Most of the reading I did in these two months was in preparation for Kris Rusch’s Mystery Writing workshop. As a result, most of these recommendations come from that genre.
Bruen, Ken, The Guards, St. Martins Minotaur, 2003. Not only had I never read Bruen before, I’d never even heard of him. This book, however, was part of the assigned reading for the workshop and I’m glad it was. It’s the first in Bruen’s Jack Taylor series and one of the darkest novels I’ve read in a long time.
If you like your heroes squeaky clean, you’ll have problems with Taylor, a former member of Ireland’s police force (aka “the Guards”). He’s an alcoholic who may be witty as hell but sometimes behaves abominably.
Which works. You feel his need to drink, his self-destructive compulsion.
I loved this book and will be reading all of the Jack Taylor series, if not all of Bruen.
Carter, Scott William, The Last Great Getaway of the Water Balloon Boys, Simon and Schuster, 2010. This is the lone entry from this list that isn’t a mystery. It’s a Young Adult adventure novel, one that begins:
If I’m going to tell you how I killed this kid, I can’t start on the day it happened.
Carter catches you with that opening line and holds you throughout the book. You might wonder if a novel with that opening is appropriate for young adults. It is.

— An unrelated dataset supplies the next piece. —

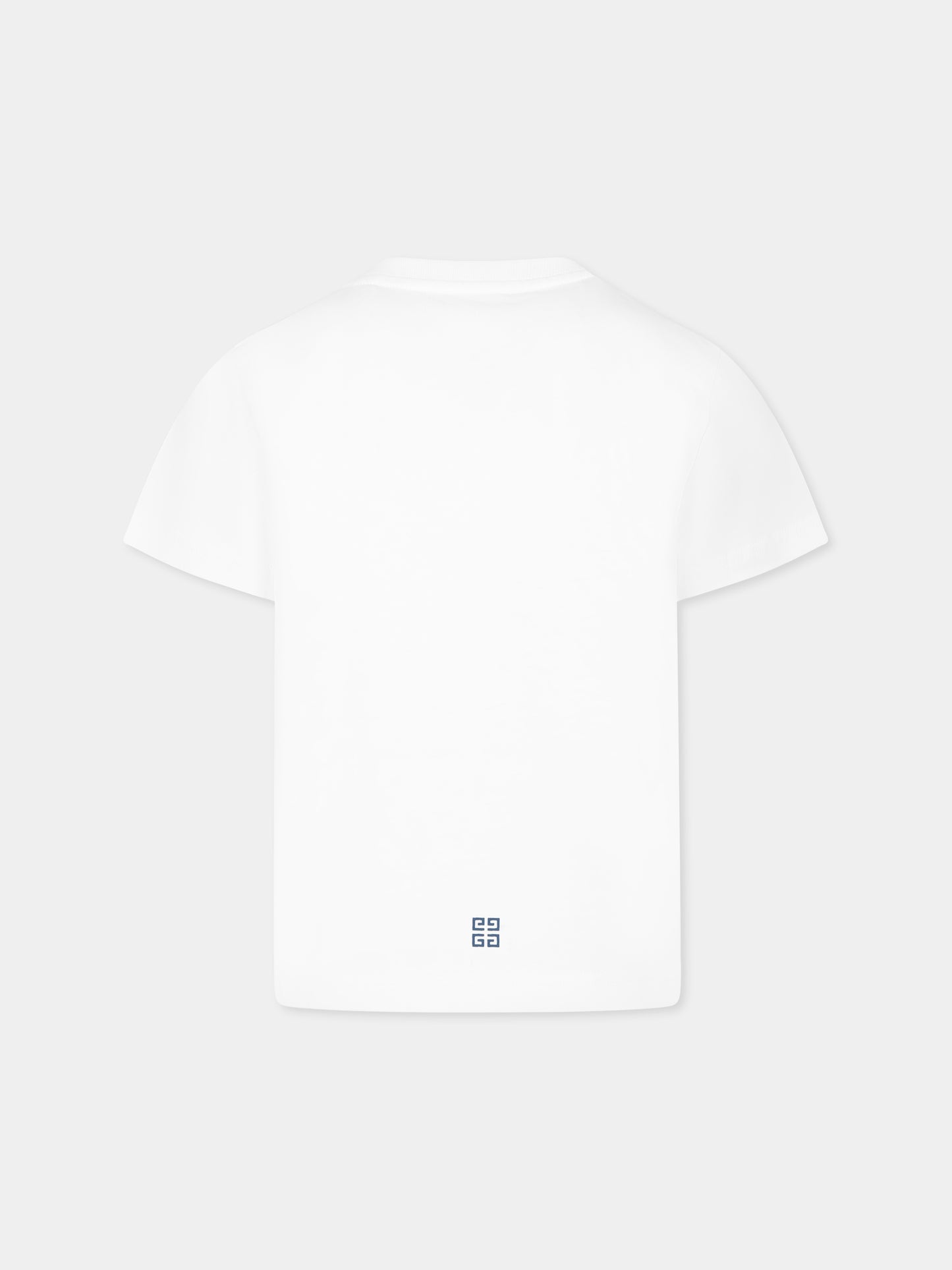 T-shirt blanc pour garçon avec logo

You might also wonder if it works only for young adults. It doesn’t. I enjoyed it a great deal.
This is Carter’s first novel, but it won’t be his last. I’ve been reading and admiring his short fiction for the last two years. This won’t be the last you hear of him.

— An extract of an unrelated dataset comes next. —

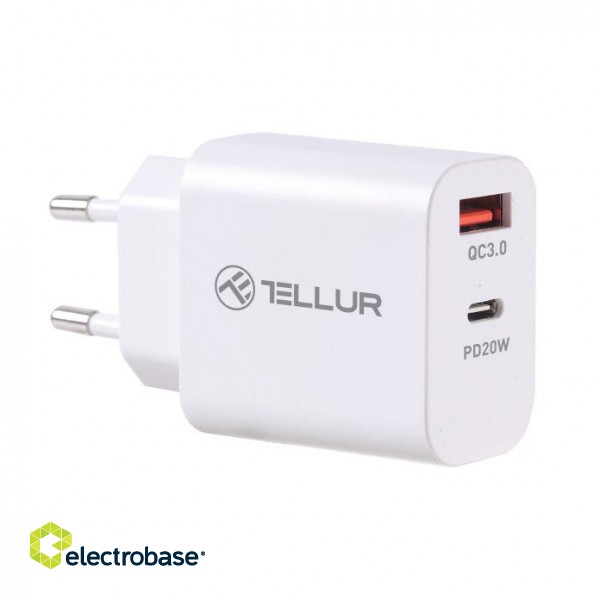 Tellur Dual Port Wall Charger PDHC PD 20W + QC3,0 18W White фото 1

Crais, Robert, L.A. Requiem, Ballantine, 1999. I’d seen Crais novels in the bookstores for years but never bought one. God knows why. I’d just always grabbed other ones. (I buy them faster than I can read them.)
What a mistake.
This novel of Elvis Cole and Joe Pike blew me away. When I finished it, I said to myself, “Oh God, I wish I could have written this.” And promptly began analyzing it chapter by chapter.
I’m looking forward to reading a lot more Crais. A lot more.
Franklin, Tom, “Poachers,” The Best American Mystery Stories of the Century, edited by Tony Hillerman and Otto Penzler. I read this anthology a couple years ago, but since it was assigned reading for the workshop I went back and re-read this favorite.
It’s my kind of mystery story. I read for character, so mysteries that are merely puzzles bore me. This story takes you into the swamps and brings alive three scary brothers in convincing fashion.
Lehane, Dennis, “Animal Rescue,” Boston Noir, edited by Dennis Lehane, Akashic Books, 2009. I loved Mystic River. I’ve read the book and watched the movie twice each. So when I saw Lehane had edited this anthology, it became a must-buy. I only feared that he’d place his own contribution near the end and I’d be tempted to read the stories out of order.
It turned out there was no need to worry. “Animal Rescue” comes second in the book and doesn’t disappoint.
Smith, Alexander McCall, The No. 1 Ladies Detective Agency, Knopf, 2003. Here’s another winner that I’d missed when it first came out, an error rectified by its inclusion in the workshop’s list of required reading. I loved this charming and delightful series of connected stories that chronicle the exploits of Mma Ramotswe, the only female detective in Botswana. I look forward to continuing my way through the rest of the series.